The expected output is the data below, character for character, without its pictures.

::: Data block :::

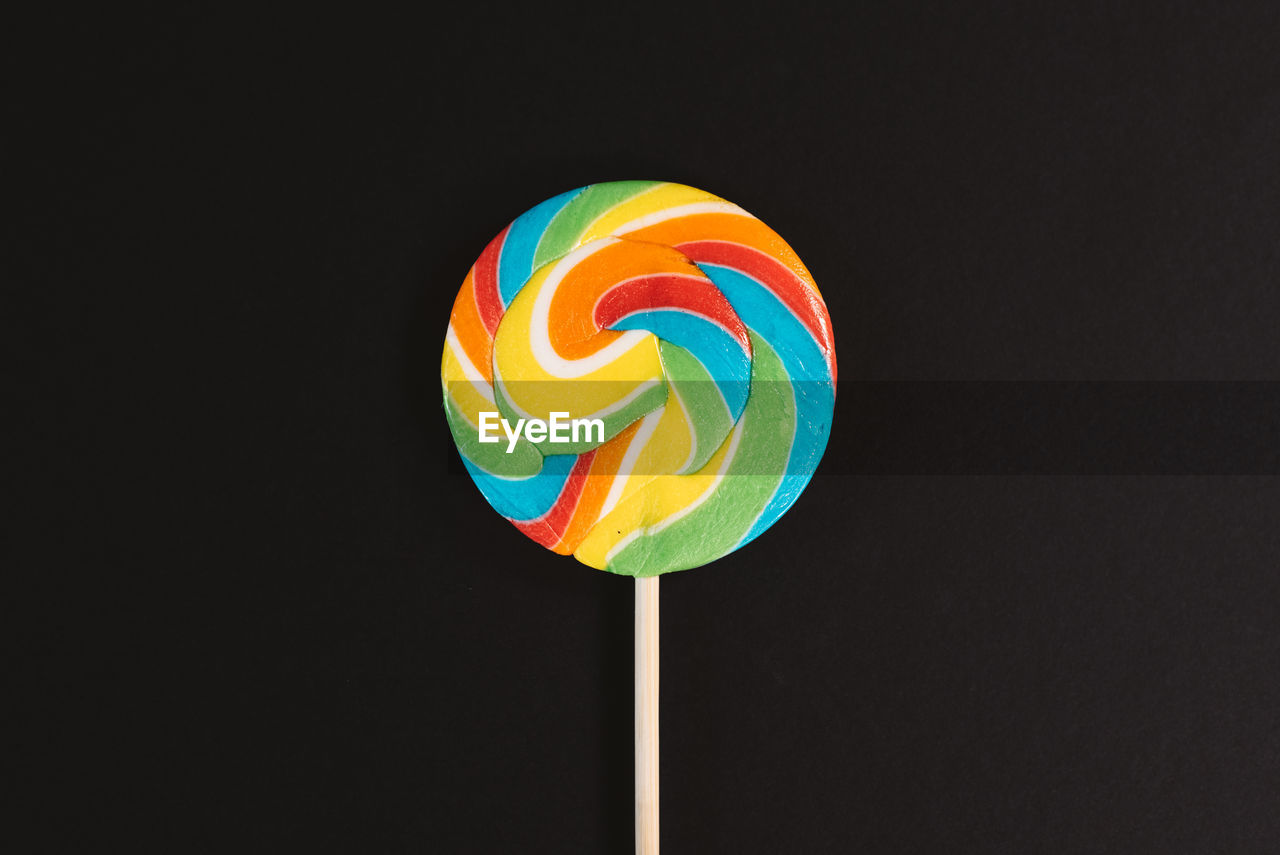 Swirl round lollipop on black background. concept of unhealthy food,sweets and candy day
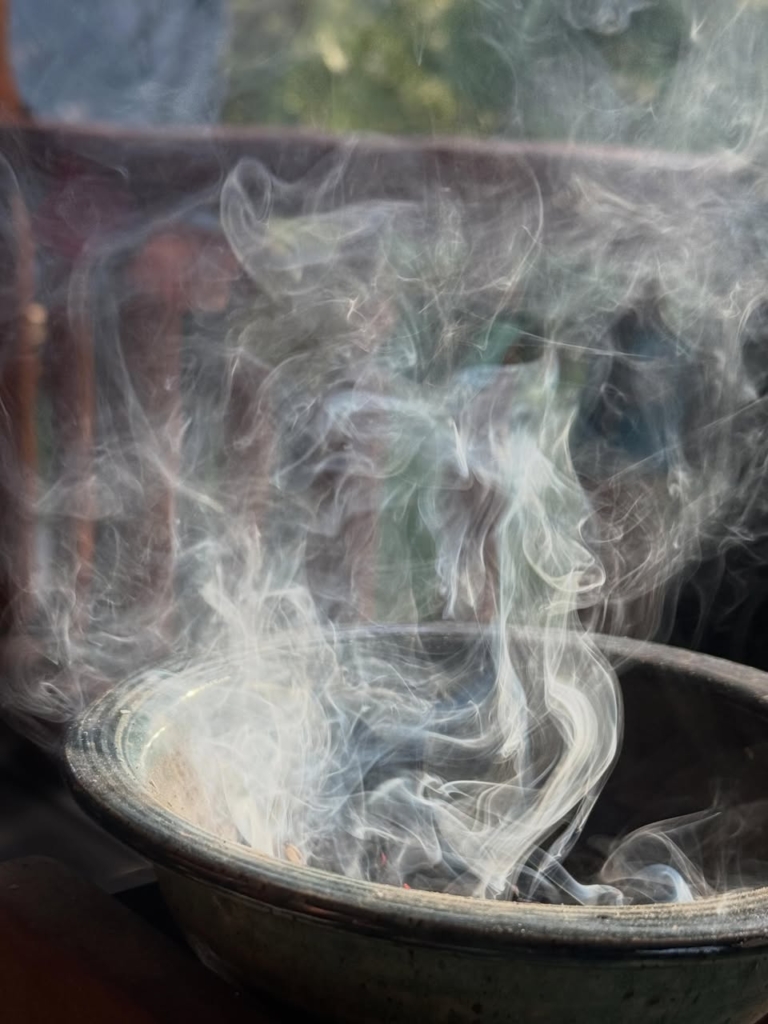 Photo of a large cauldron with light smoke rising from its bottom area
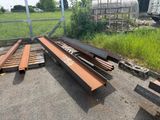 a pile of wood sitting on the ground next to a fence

:::

Answer section:
 Swirl round lollipop on black background. concept of unhealthy food,sweets and candy day
 Photo of a large cauldron with light smoke rising from its bottom area
 a pile of wood sitting on the ground next to a fence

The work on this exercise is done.